Questa prassi cui ci siamo tragicamente assuefatti al punto che chi contesta tali storture, chiedendo legalità, viene incriminato e definito “razzista” o “fascista” è foriera di giganteschi guai, cosa che da lustri ignoriamo. Ragioniamo: non siamo un Paese in espansione economica, in crescita, bensì afflitto da stagnazione, inflazione, carovita e chi più ne ha più ne metta. Gli stipendi sono fermi da decenni. I tassi di disoccupazione non sono felici. Eppure si pretende che l’Italia, ritenuta El Dorado, procuri una esistenza nuova e gaia e prospera a milioni di immigrati illegali che giungono qui a valanghe senza nulla in tasca e anche senza competenze da adoperare nella ricerca di una occupazione. E si pretende che noi li manteniamo, ce ne prendiamo cura, forniamo loro una casa, pasti, assistenza, supporto, tutto a nostre spese. Per quanto tempo? Per sempre.

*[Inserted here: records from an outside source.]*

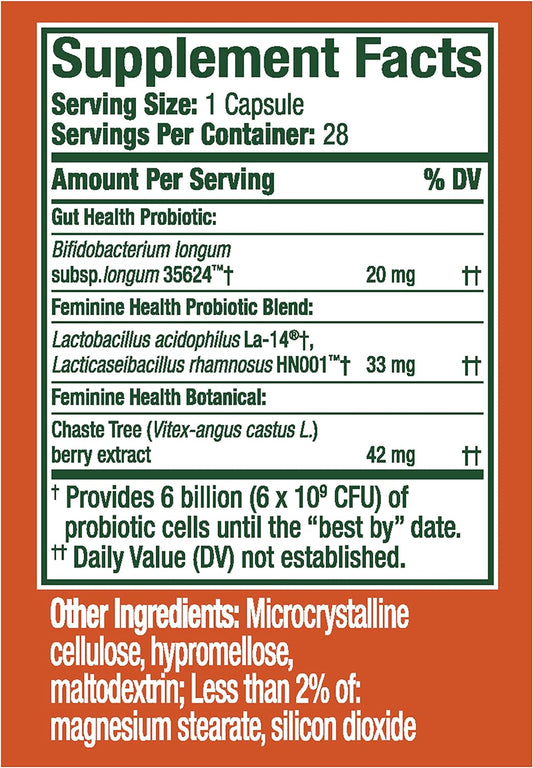 Align Probiotic, Women's Dual Action, Probiotics for Women, Multi-Strain Probiotic with Chaste Tree, Supports Feminine Health, Soothes Occasional Abdominal Discomfort, Gas, Bloating, 28 Capsules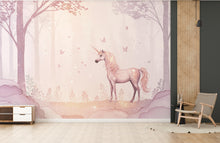 Load image into Gallery viewer, Unicorn Princess Forest Wall Graphics Peel and Stick Girl room Wallpaper Nursery Self Adhesive Rainbow nursery wall decor Mural 896RS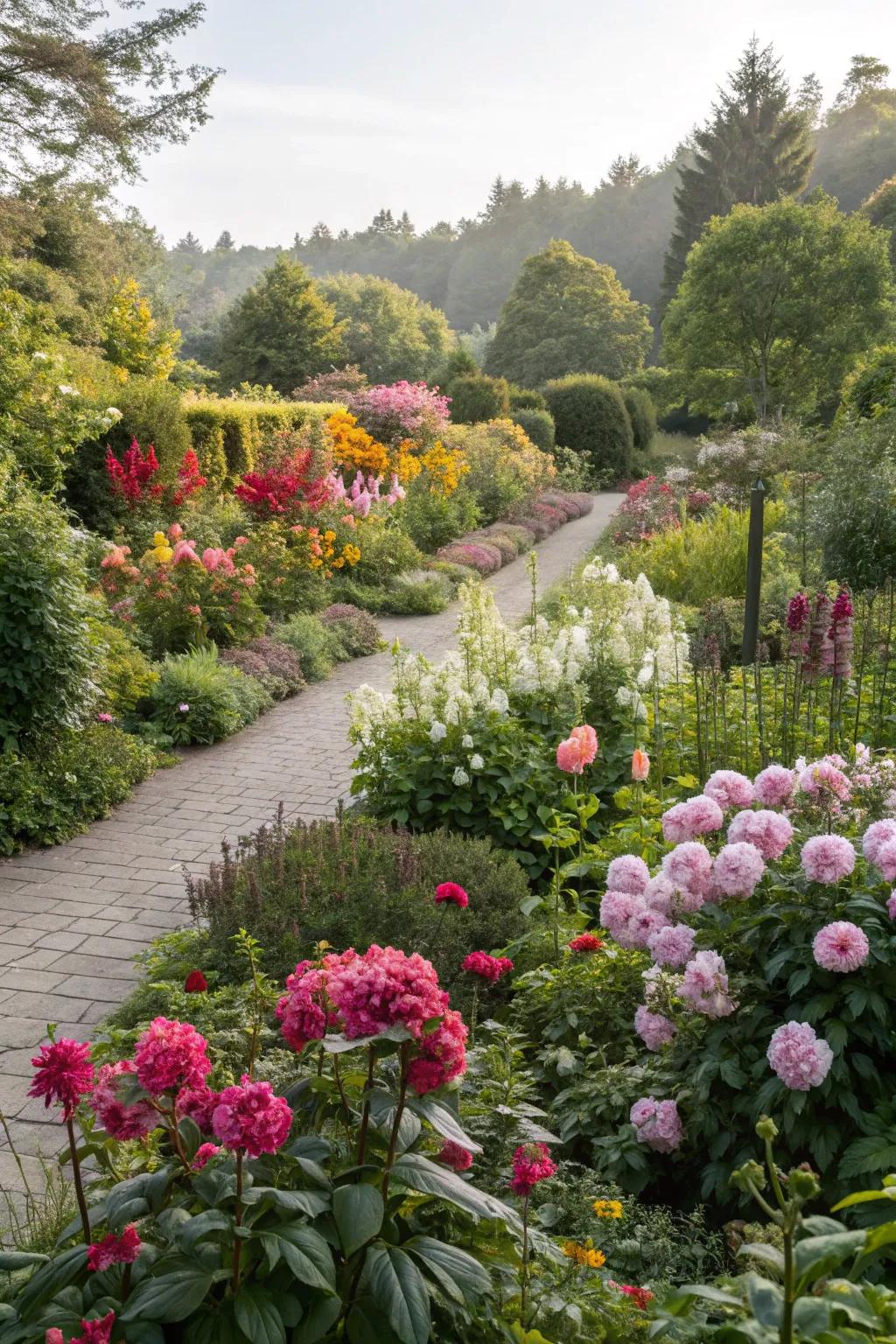 A garden with a diverse range of plants for year-round interest.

La questione non dovrebbe essere: come distribuire i migranti sulla penisola. La questione da affrontare deve essere: come rispedire i migranti verso i loro rispettivi Paesi di provenienza. Qui non possono stare. Ce ne sono troppi in regime di accoglienza. Le strutture mancano. I bandi vanno deserti perché l’ospitalità non conviene più, ma genera danni e fastidi. Questo carrozzone dell’accoglienza funziona da sempre così: arrivano quelli nuovi e vengono sbattuti per strada quelli arrivati prima, in quanto bisogna pur metterli da qualche parte. Ed ecco che i livelli di insicurezza nelle città grandi e piccole, da Nord a Sud, crescono, aumentano le violenze di ogni tipo, dai furti con arma da taglio alle aggressioni e agli stupri. E spesso ci scappa pure il morto. L’ultima vittima è la signora sessantenne che a Rovereto è stata massacrata di botte da un nigeriano già noto alle forze dell’ordine. Ormai questo è il nostro pane quotidiano, fatti all’ordine del giorno. Basta fare un giro intorno alle stazioni centrali di qualsiasi cittadina per rendersi conto del mare di disperati che campano sul marciapiede, clandestini che abbiamo accolto anni fa o mesi fa e che sopravvivono di espedienti seminando un clima di terrore.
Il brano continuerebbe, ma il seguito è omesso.